Jack Eichel had a goal and an assist, Tomas Hertl and Pavel Dorofeyev also scored, and Akira Schmid made 24 saves for the Golden Knights (24-13-12), who have lost two in a row. Mark Stone had an assist to extend his point streak to 13 games (10 goals, 10 assists), the longest in Golden Knights history, surpassing Eichel’s run of 12 games in 2023-24.
“It was good to see us get to our game eventually, otherwise it was going to be a really long night,” Vegas coach Bruce Cassidy said. “After the first, there was a lot of hockey left, and we’ll typically get some goals, and we eventually got to it. Unfortunately, we gave up the fourth one, but the guys pushed back, found our game, but it was a little too late.”
Boston scored twice on the same power play in the first period, capitalizing on Hertl being assessed a double minor for high-sticking at 9:01. After Charlie McAvoy’s one-timer from the point beat a screened Schmid to the stick side to make it 1-0 at 9:12, Lindholm scored 30 seconds later for a 2-0 lead when he finished from the slot off a centering pass by Pastrnak.

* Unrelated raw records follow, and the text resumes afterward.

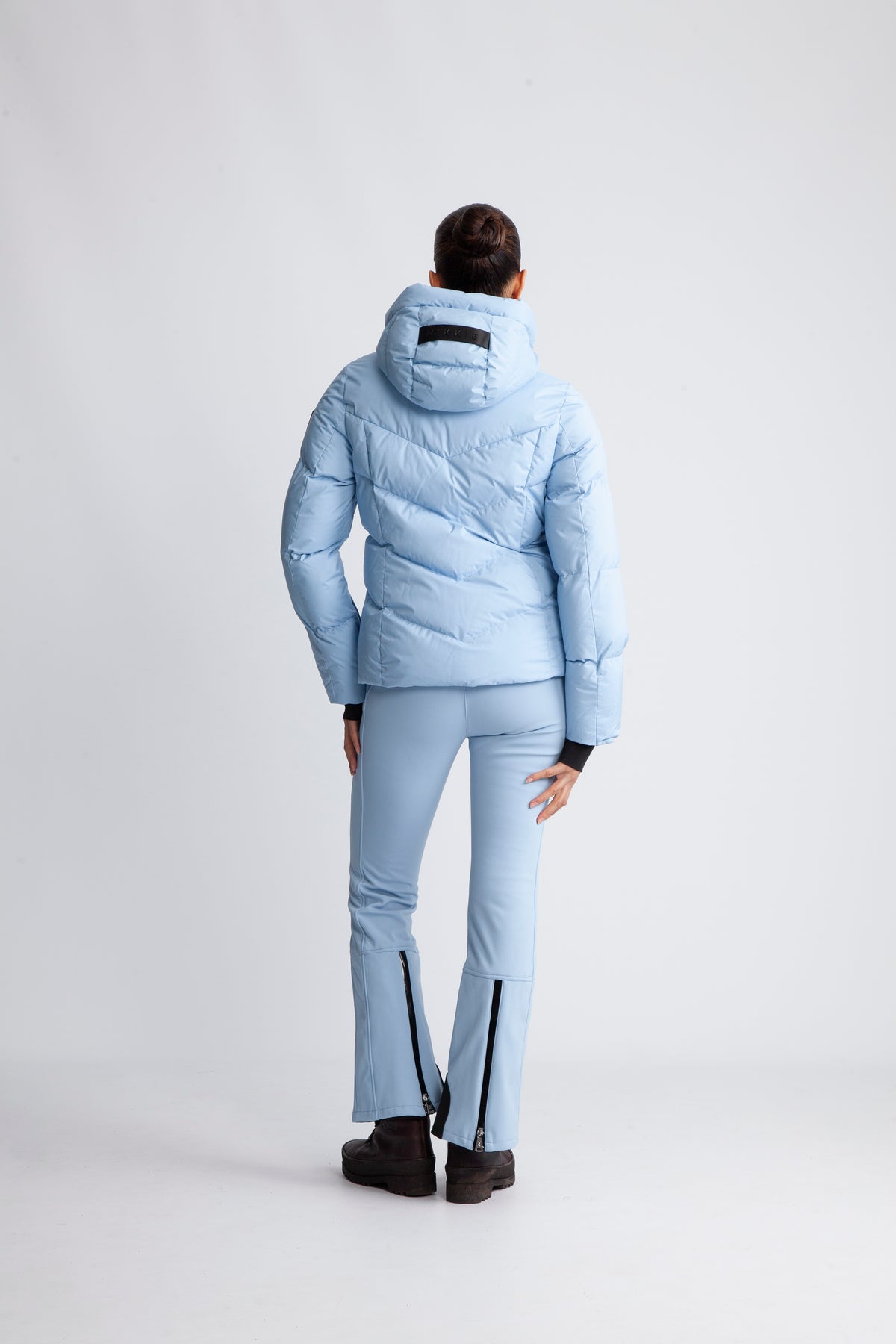 Girona Ski Jacket - Powder Blue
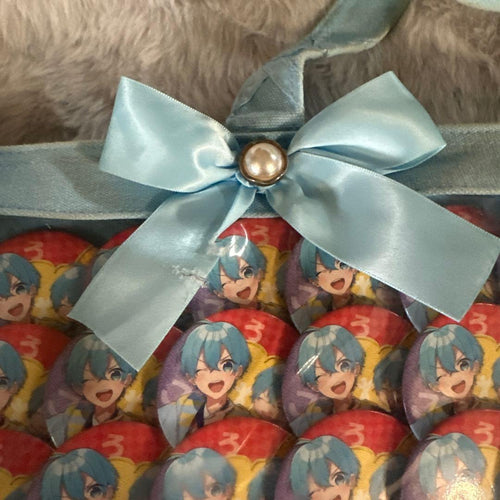 Pins, Pin Badges Button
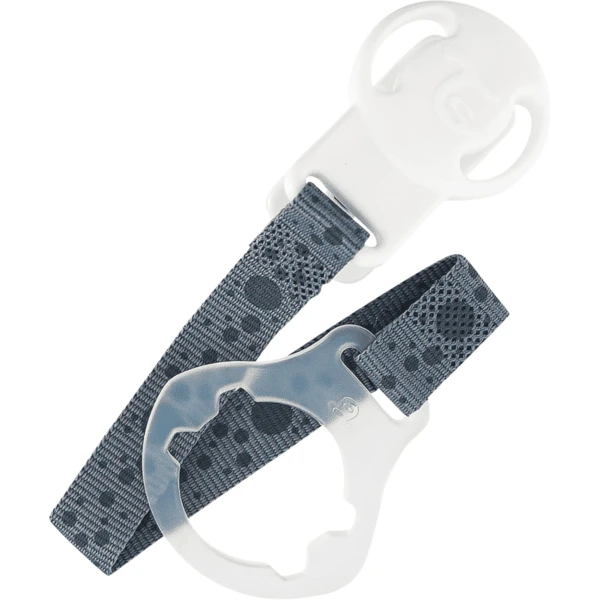 Twistshake TWIST SHAKE Fopspeenketting In Pastelgrijs 2 Twistshake TWIST SHAKE Fopspeenketting In Pastelgrijs - Afbeelding 2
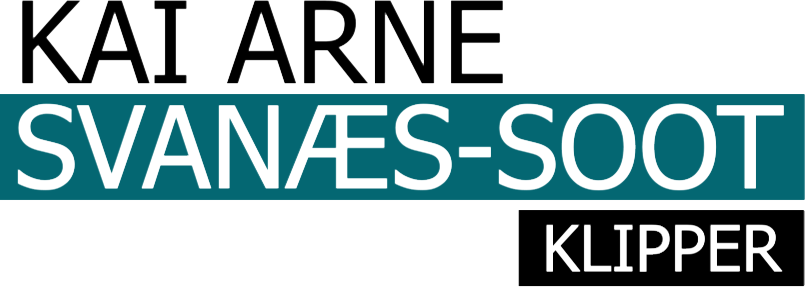 Kai Arne Svanæs-Soot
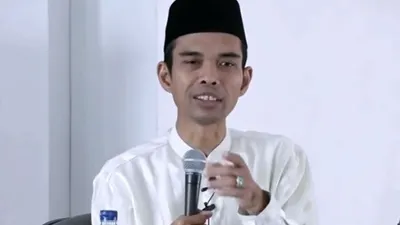 Ustadz Abdul Somad.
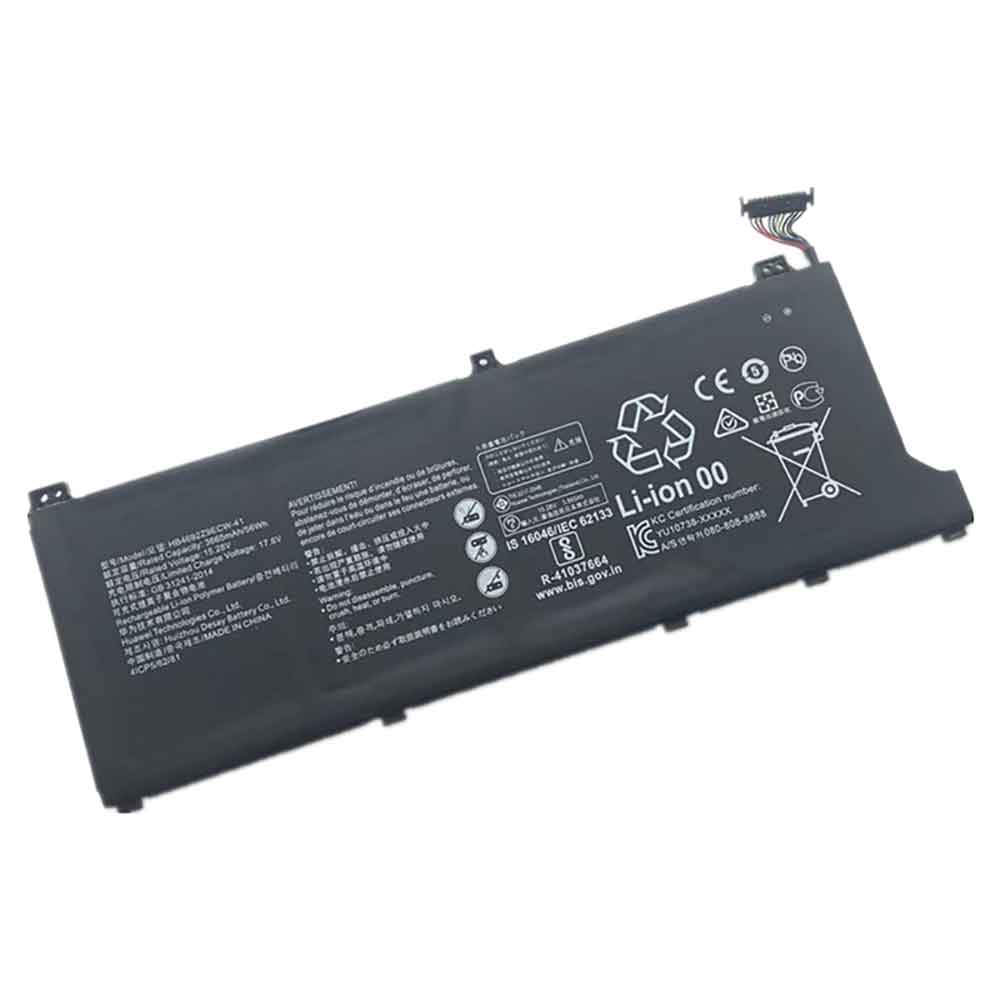 different HB4692Z9ECW-41 battery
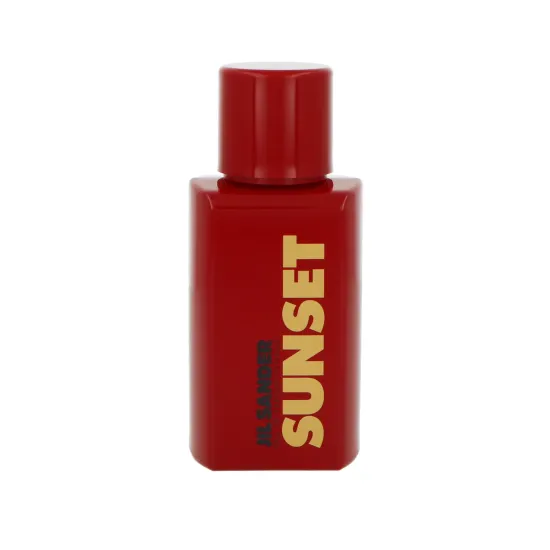 Tester Jil Sander Sunset Intense Edp 75ml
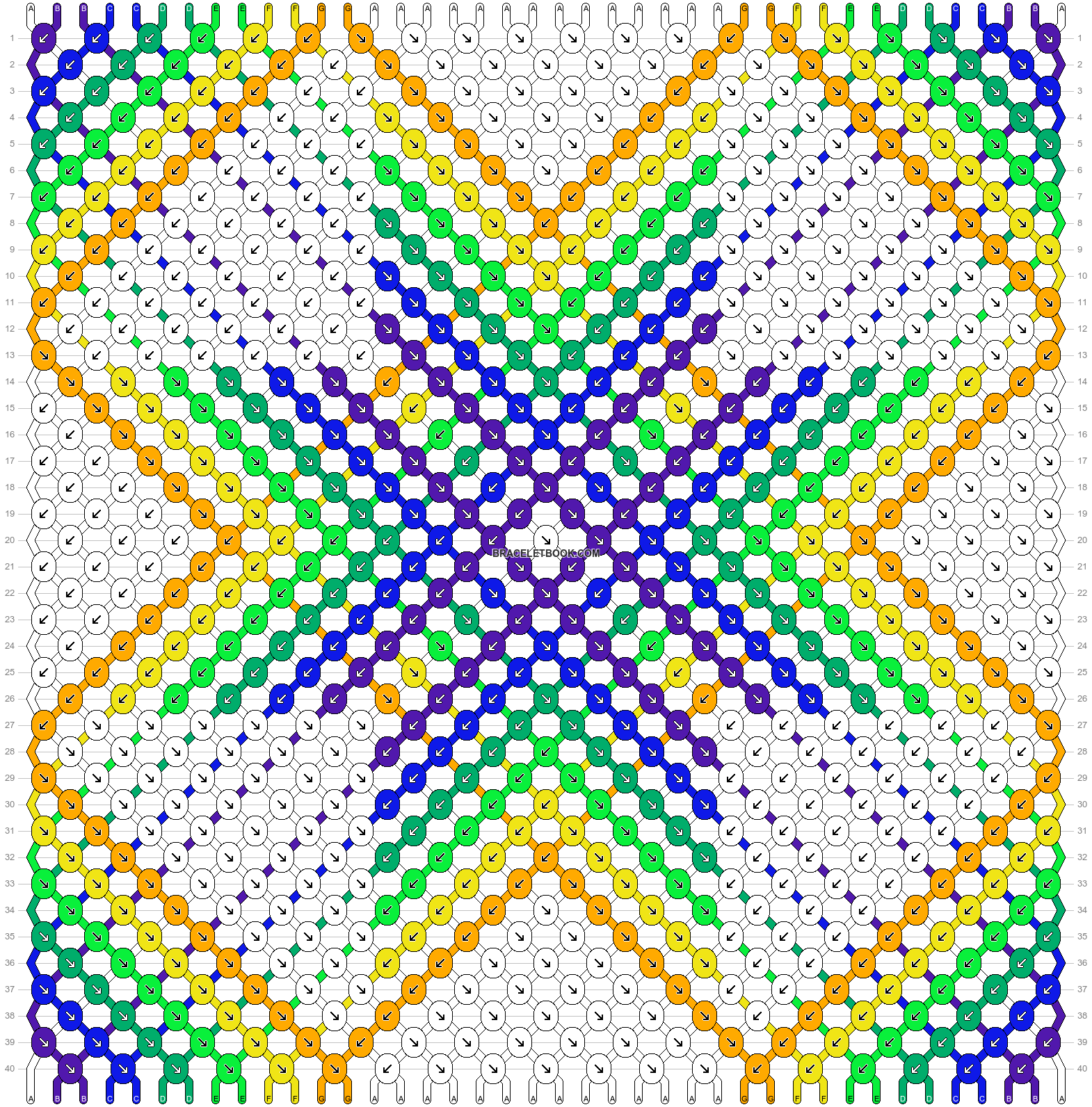 Normal pattern #34559 variation #28932 pattern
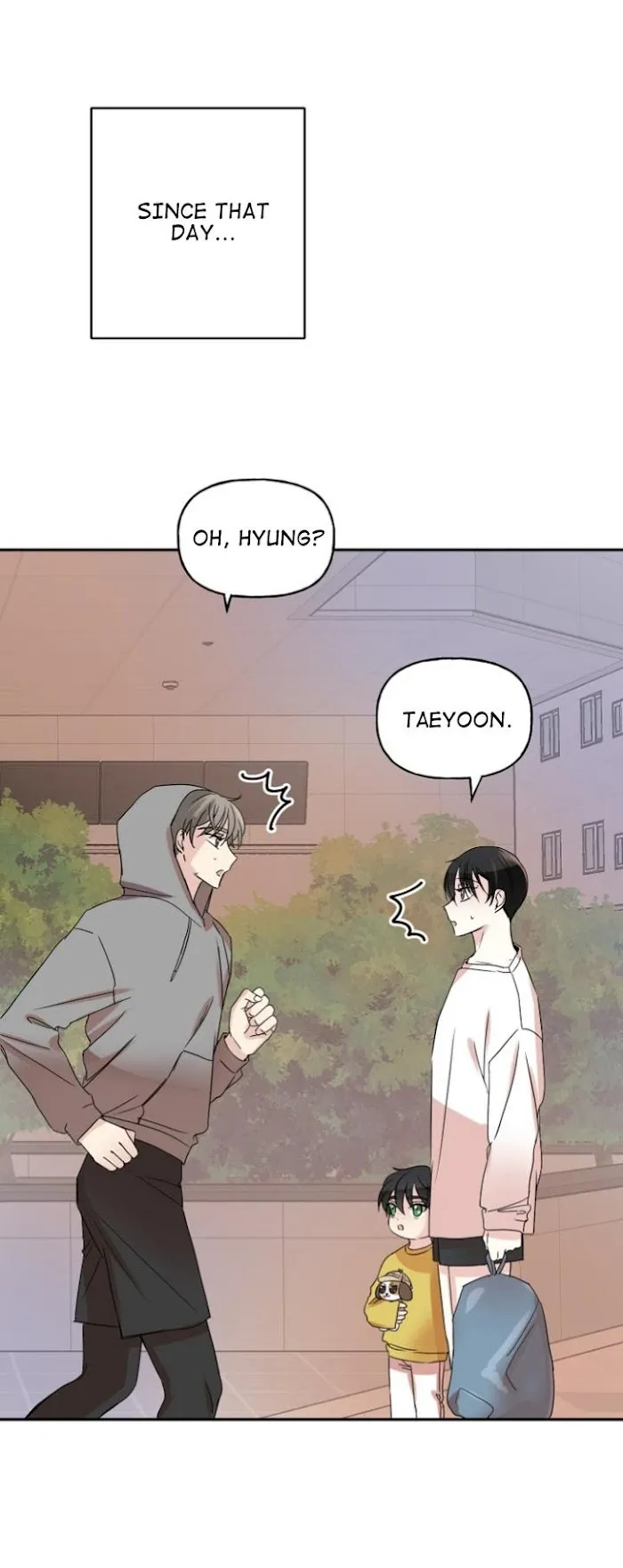 Percentage Of Love - Chapter 4 Page 19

“They were quick and we were direct,” Pastrnak said of the two goals. “Those were two big goals and that sets up the confidence when we can help out the team with two quick goals. We were direct and got rewarded for it tonight.”
Tanner Jeannot then pushed the lead to 3-0 at 10:06. After Jeannot stripped the puck from Vegas defenseman Ben Hutton on the forecheck, Sean Kuraly gathered it and fed Jeannot, who beat Schmid from the left circle with a high shot to the short side.
“It’s been really good,” Jeannot said of playing with linemates Kuraly and Mark Kastelic. “All three of us play a real simple game, support each other well and just want to be hard on other teams, play in the O-zone as much as we can, and we got rewarded.”
Pastrnak increased Boston’s lead to 4-0 at 7:25 of the second period. He took Nikita Zadorov’s backhand pass from the bottom of the right circle and scored to the short side with a quick wrist shot from the left hash marks.